In the early stages of the film it feels as though Anderson shows us too much about what has happened, reveals too much about Monroe’s past, so from very early on we’re made too feel a certain way about what is transpiring in front of us, which includes the fact Monroe isn’t exactly the most trustworthy of narrators to tell a story.

To be fair to Worthington, whose as good as his been in years as Monroe, he seems actually interested in the role unlike much of his post-Avatar career and had the film managed to feel more unpredictable and plausible, Fractured may’ve been able to be a fully-fledged guilty pleasure, the likes of which are few and far between on Netflix’s original offering smorgasbord.

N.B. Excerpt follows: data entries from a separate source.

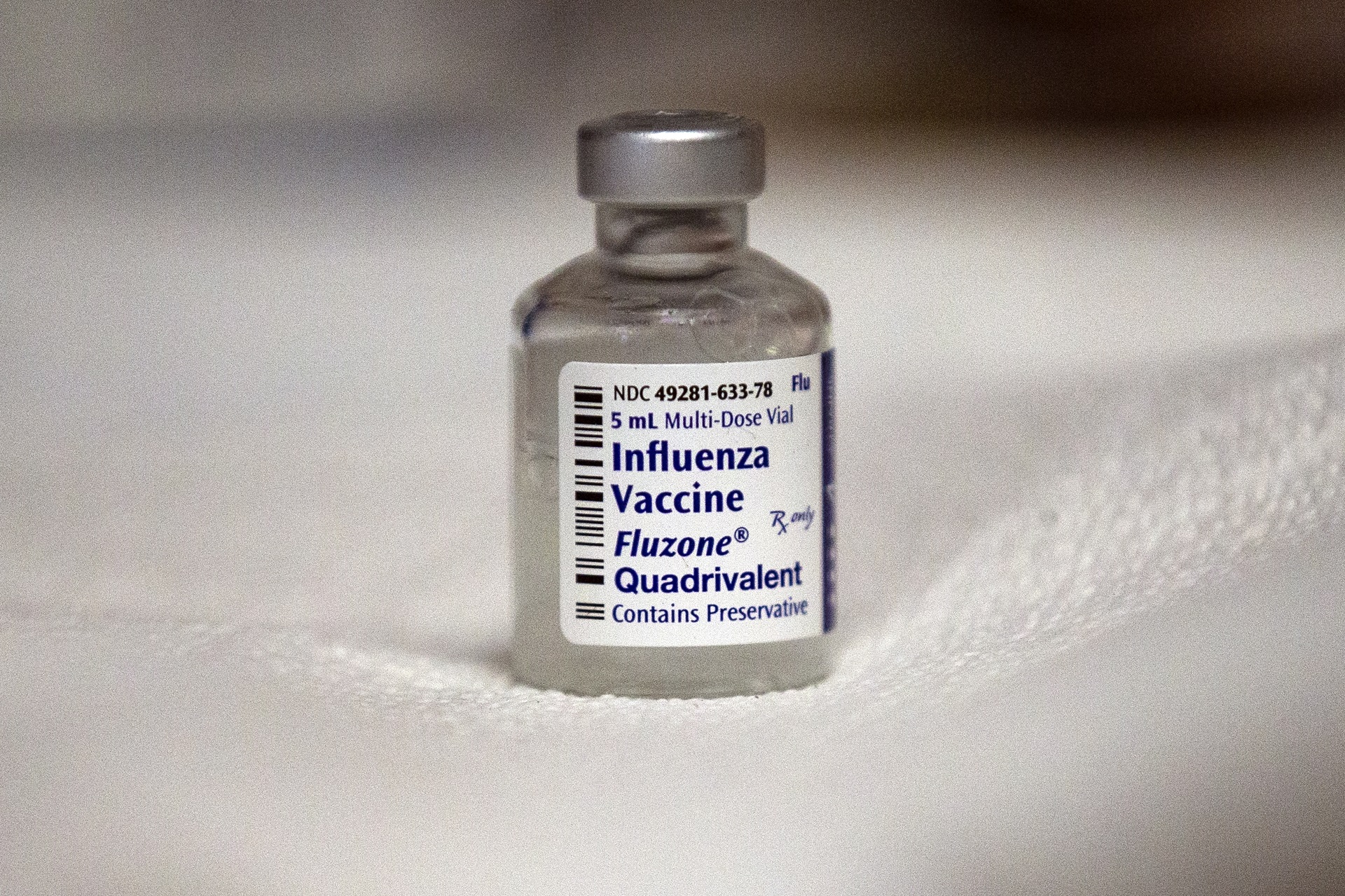 epa08746340 A vial of Fluzone, a flu vaccine, is displayed at a mobile clinic offering free flu vaccines in Lakewood, California, USA, 14 October 2020. Flu vaccine manufacturers have increased production in anticipation of this year's flu season.  EPA/ETIENNE LAURENT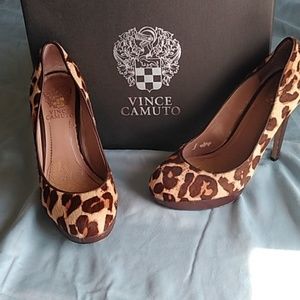 Vince camuto leopard heels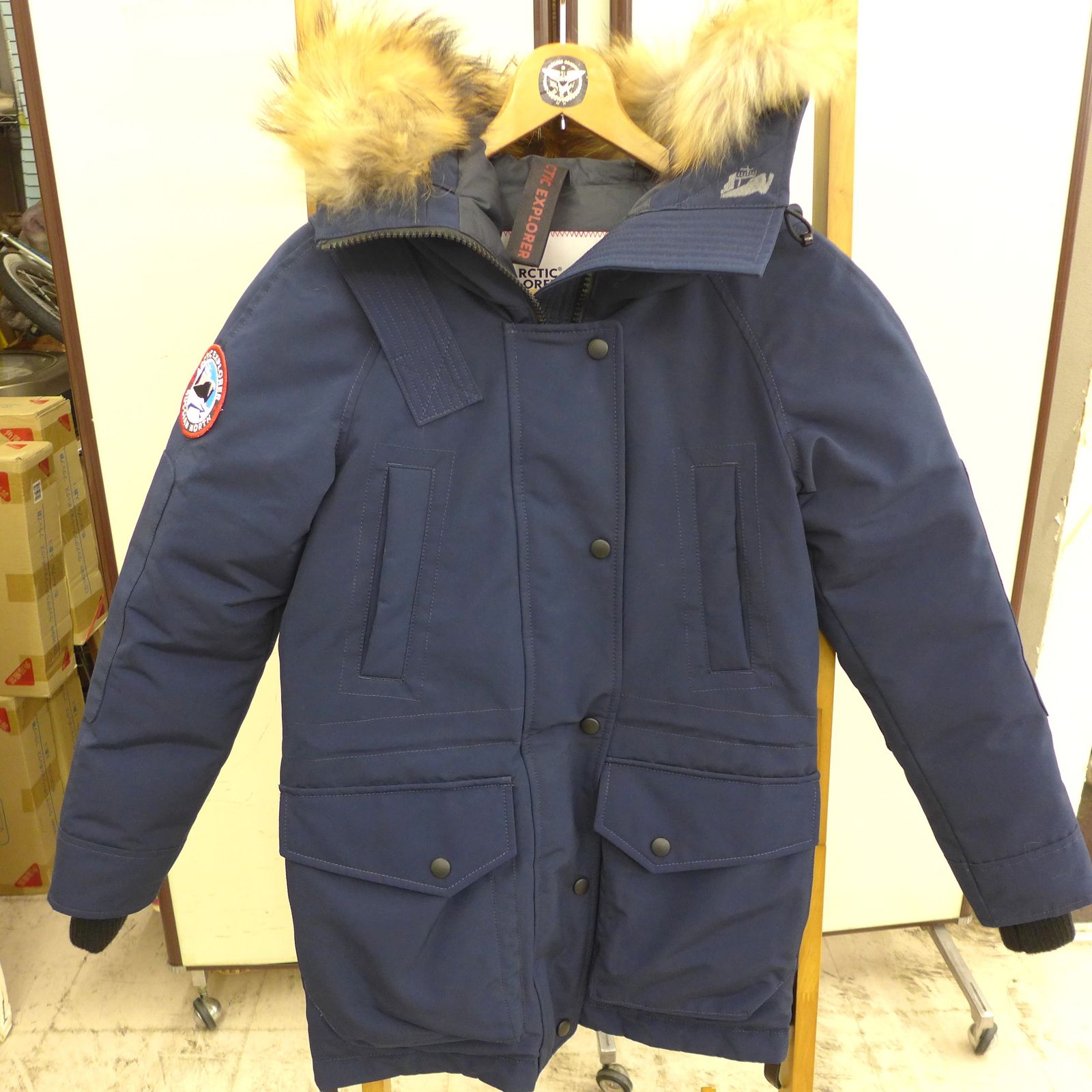 美品 ARCTIC EXPLORER Chill アークティック エクスプローラー チル ダウンジャケット Sサイズ 公田店 - メルカリ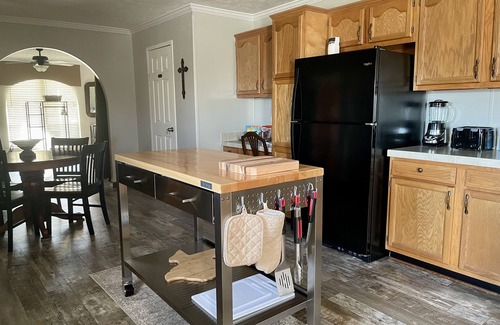 Mena House | Mountain View Stay LLC - The perfect place to get away, relax and enjoy nature.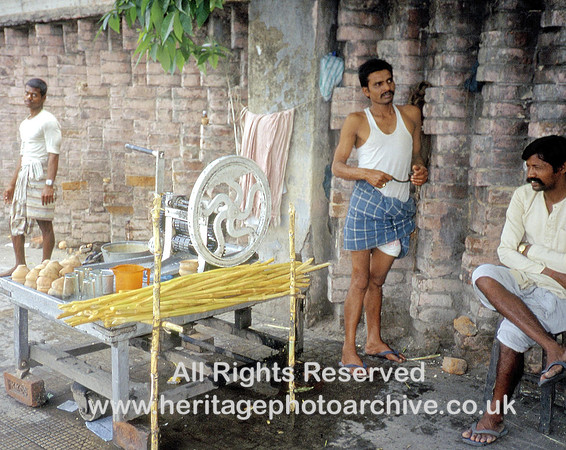 HRS 927 India, Calcutta, Crushing sugar cane for drinks,  1995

What we are left with as a final product is an increasingly dull, far-fetched and frustrating experience, one that would be akin to taking a tour of your local hospital as that’s exactly what it feels like as Monroe hurriedly races around the facility that he feels has dealt with his wife and child in a nefarious way.

Final Say –

Initial promise very quickly gives way to a very bad thriller, that seemingly thinks its fooling us all into believing its far smarter than it indeed is, making Brad Anderson’s latest disappointment a missed opportunity to create a film worthy of all the talk its generated.

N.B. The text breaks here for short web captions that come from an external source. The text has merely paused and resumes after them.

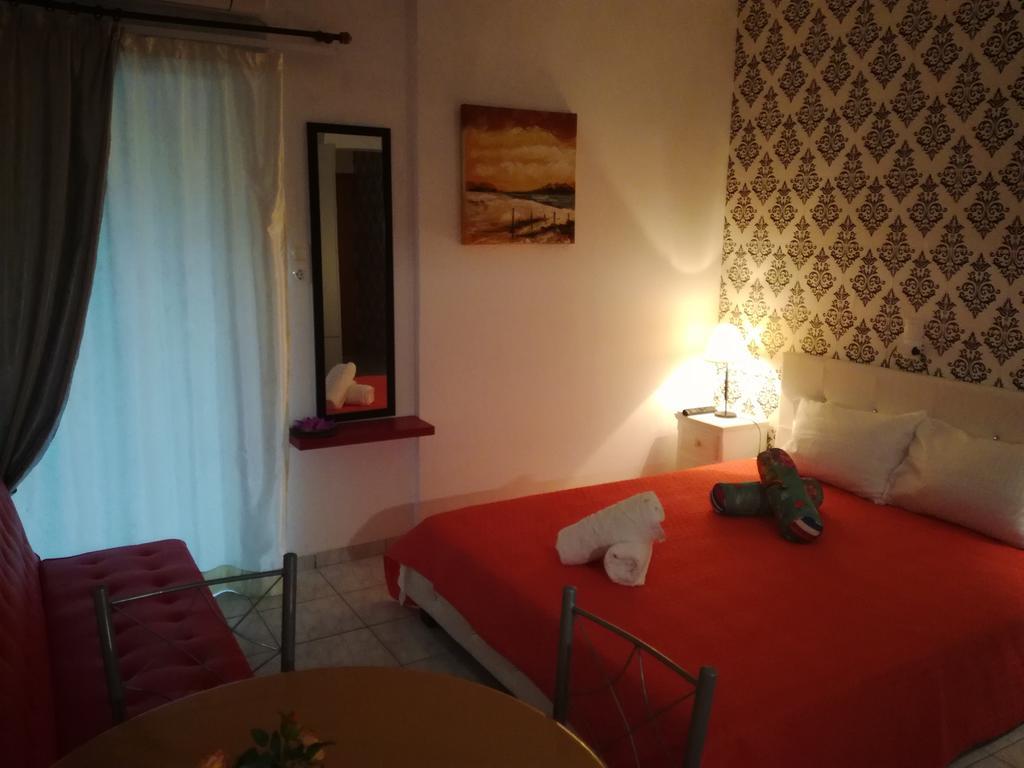Blu Apartment Glifa  Luaran gambar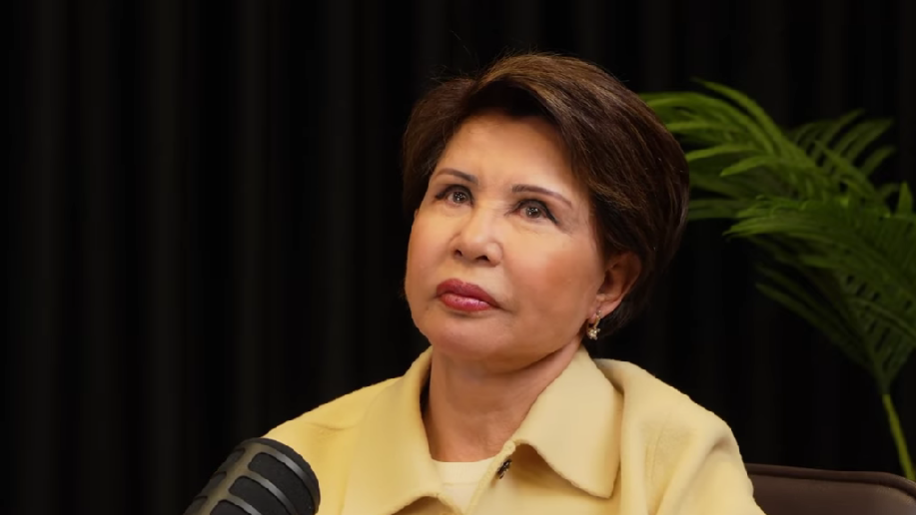 "Өмірде де, өнерде де жалғызбын": Роза Рымбаева күйеуін сағынып жүргенін айтты (ВИДЕО)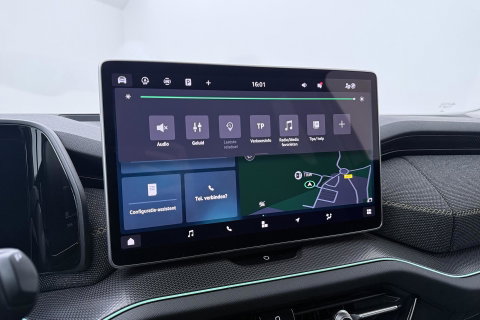 Škoda Kodiaq 1.5 TSI MHEV Tour Edition | ACC | Trekhaak | Keyless | Camera | Stoelverwarming | Memory | Getint glas | 20 Inch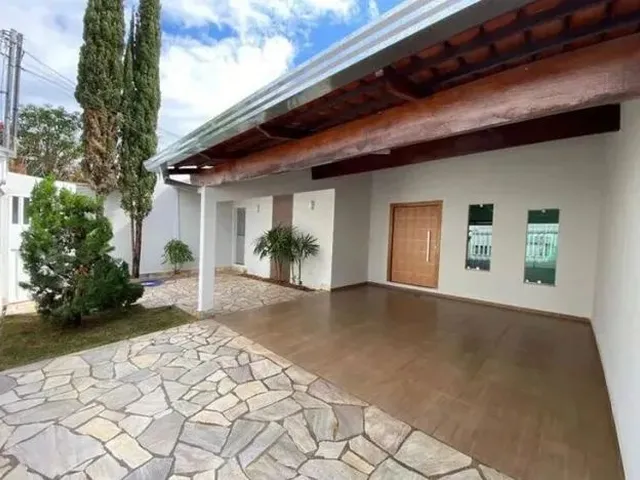 Imagem: Casa para Venda com 234 Metros Quadrados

1 get well soon balloon out of 5  

9 responses to “Film Review – Fractured (2019)

    • Yeh so much! I was really disappointed in how much was explained in the first act, with a little more mystery it could’ve been a lot better.
      E

  1. Agree. Paused the film ten minutes in whilst watching with a friend. We discussed what we knew was going to happen in the rest of the film – literally no twist at all really – and suffered the rest of it! Awful.